Tamamını anlatmaya sanıyorum ki vaktimiz yetmez. Ben aklıma ilk gelenlerden ve önemli gördüklerimden bahsetmek istedim. 2025 yılında da daha fazla üniversiteli kadına ışık olmaya, onların eğitim ve kariyerlerine katkı sağlamaya devam ediyoruz.

“Acıları Değil, Anıları Yaşatalım”

O kadar güzel şeyler ki bunlar, dinlerken içimde çiçekler açıyor. Çoğu dışarıdan takip ettiğimiz projeler. Ama böyle dinleyince çok umut veriyor. Peki, Mina’nın Çocukları projesinin TÜKD İstanbul şubesi ile buluşmasından bahsedebilir miyiz?

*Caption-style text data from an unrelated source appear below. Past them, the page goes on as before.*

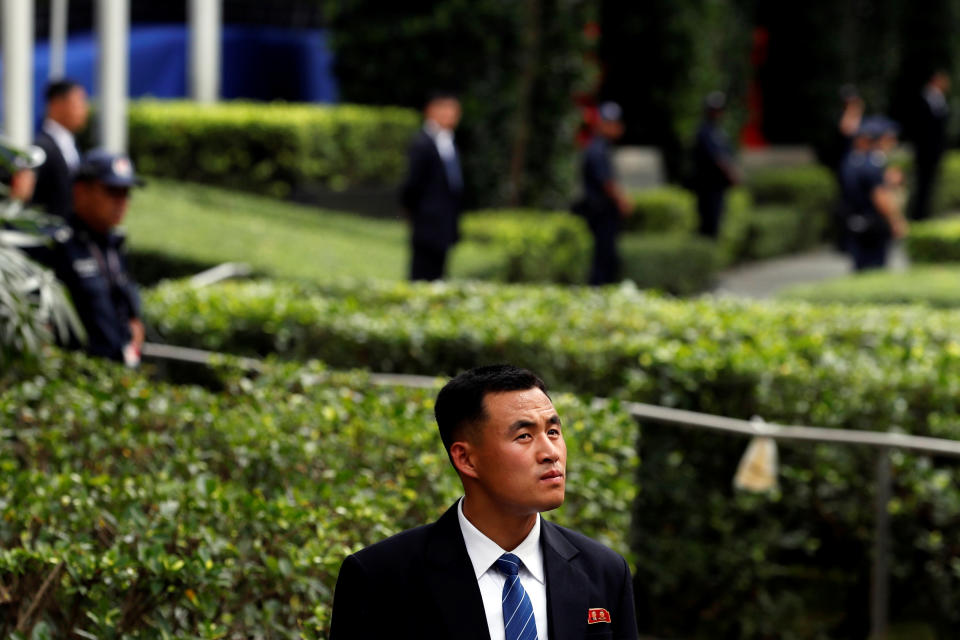 <p>A member of the North Korean security personnel waits for the arrival of North Korea’s leader Kim Jong Un outside St Regis hotel, ahead of the summit between the North Korean leader and President Donald Trump, in Singapore, June 10, 2018. (Photo: Tyrone Siu/Reuters) </p>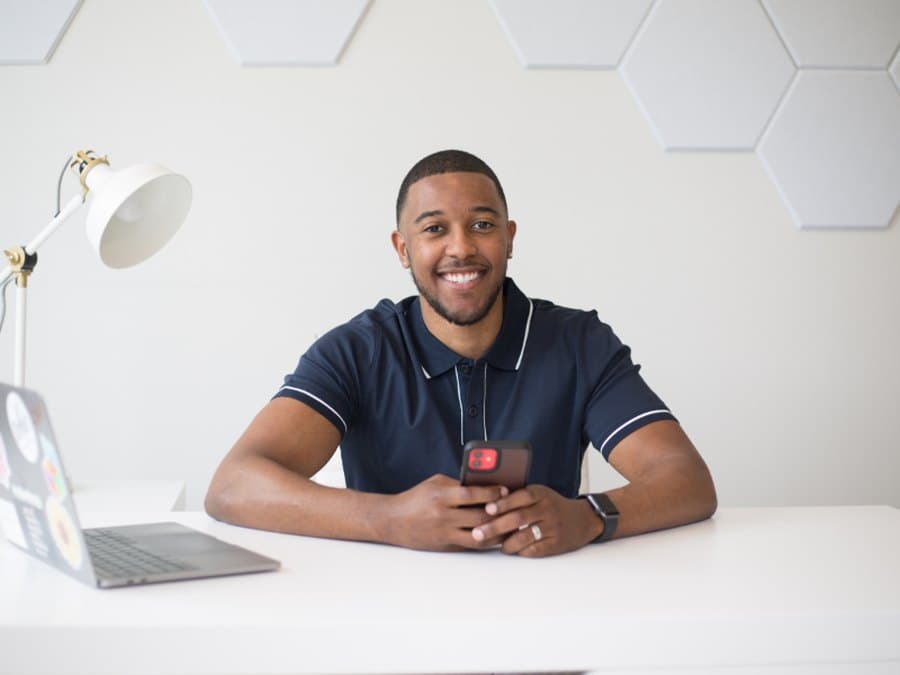 A student smiling during an online Maths lesson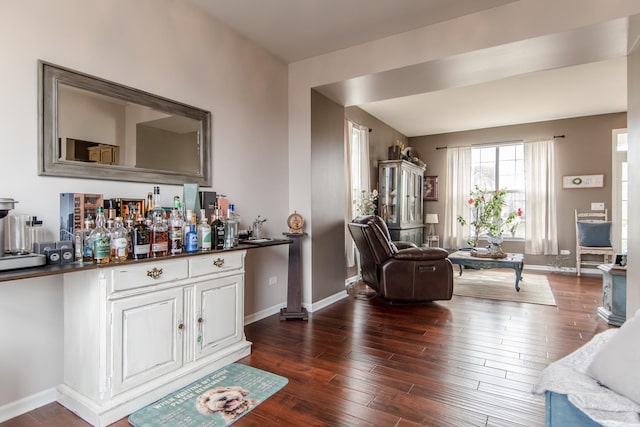 living room with a dry bar, dark wood-style flooring, and baseboards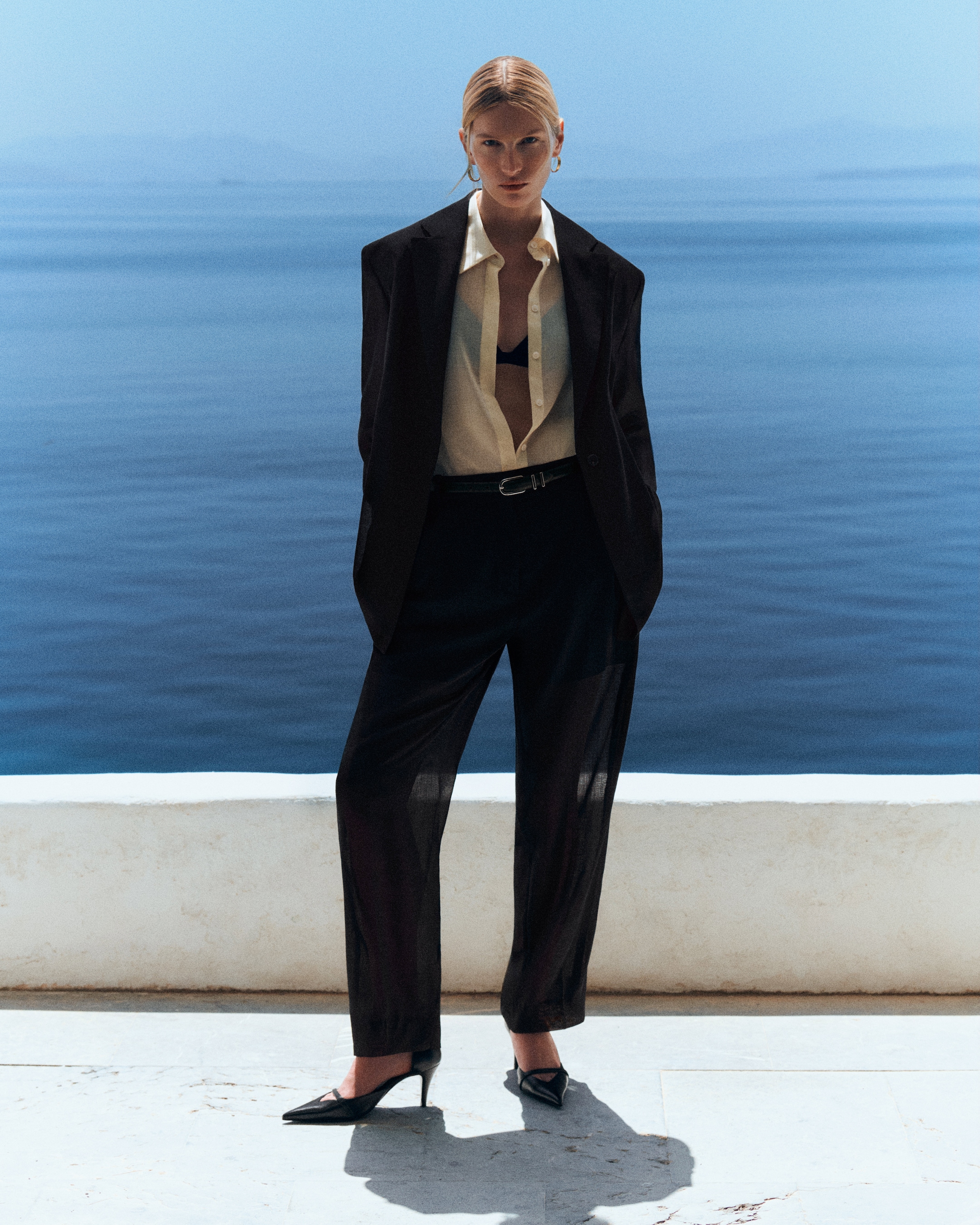 woman in black linen suit by the sea
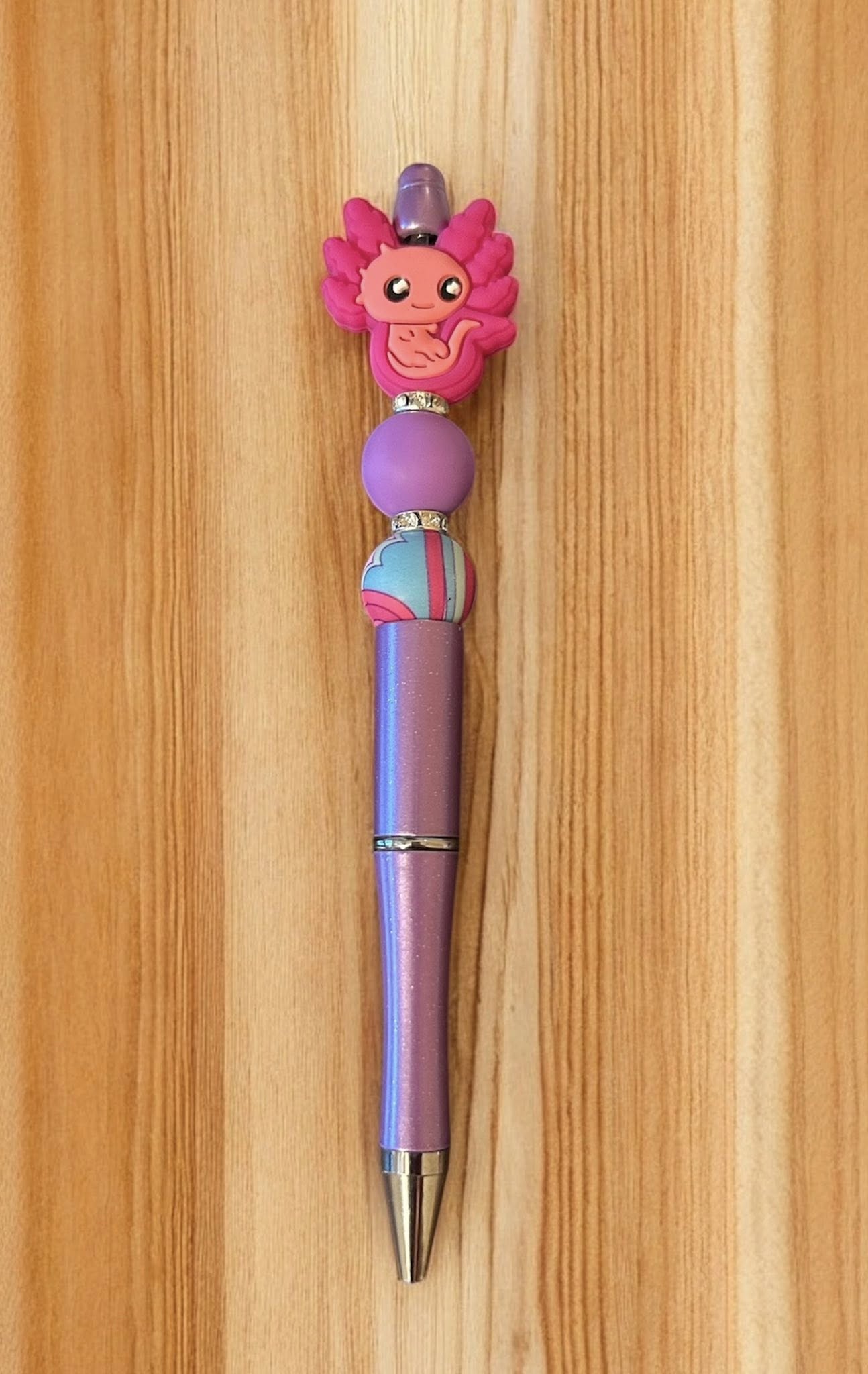 Colorful pen with a cartoon character top 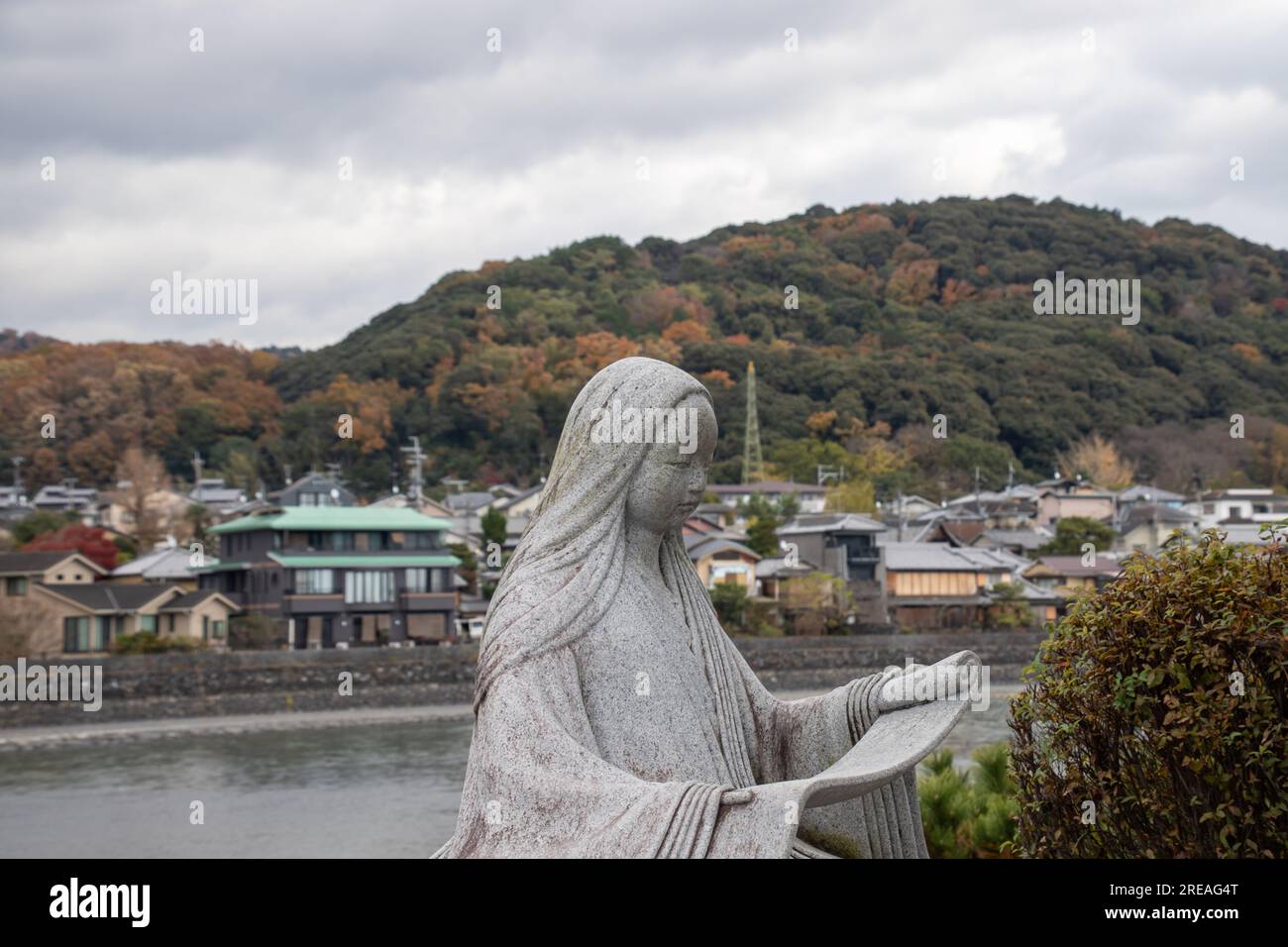 Statue of a Japanese novelist, poet and lady-in-waiting at the court in the Heian Era Murasaki Shikibu at Uji River. The author of The Tale of Genji Stock Photo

Revşan Sancar: Aslında Mina’nın Çocukları projesi tek bir cümle ile başladı;

“Acıları değil, anıları yaşatalım.”

2018 yılında kaybettiğimiz on bir değerli genç kadının anısını unutmamak, onları hatırlarken bir yandan da geleceği umut taşımak istedik.

2018 yılının yaz ayında çok kıymetli Beril Başaran ile İstanbul şubesinin yolu kesişiyor. Böylece Beril Hanım dernek bursiyeri on bir genç kadını Bodrum’a davet ediyor. Bir gün üç genç arkadaşımız Gülsen (Genç), Rengin (Nur Keskin) ve Raziye (Aytaç) geç saatlere kadar odalarında otururken şu soruyu soruyorlar;

“Ne yapabiliriz? Bu acıyı nasıl bir umuda dönüştürebiliriz?”

Aslında o gece Mina’nın Çocukları projesi doğuyor. Sonrasında da hemen harekete geçiliyor. Zaten derneğin daha öncesinde de Gelece Umut Köprüsü gibi benzer sosyal sorumluluk projeleri vardı. Mina’nın Çocukları projesi de 2018 yılından bu yana devam ediyor. 

Bugün bu proje sayesinde üniversiteli genç kadınlar memleketlerine döndüklerinde hayatında rol modele ihtiyaç duyan 10-14 yaş grubundan çocuklarla bir araya geliyorlar. Bu yaş aralığı da çok özenle seçilmiş bir grup. Çünkü maalesef bu yaş aralığı, çocukların en fazla okulu bırakmak durumunda kaldığı yaş aralığını ifade ediyor. Bu çocuklara yalnızca birer abla ve mentor olmakla kalmıyorlar. Aynı zamanda hayaller kurmaları için onlara cesaret veriyorlar diyebilirim.

Bu tabii ki tek taraflı fayda sağlayan bir proje değil. Çünkü sadece çocukların hayatını değiştirmiyor. Aynı zamanda bizim üniversiteli genç kızlarımızın da büyüdükleri topraklarda geçmişleriyle yeniden bağ kurarak toplumsal sorumluluk bilinci ile geleceğe umut taşımalarını sağlıyor.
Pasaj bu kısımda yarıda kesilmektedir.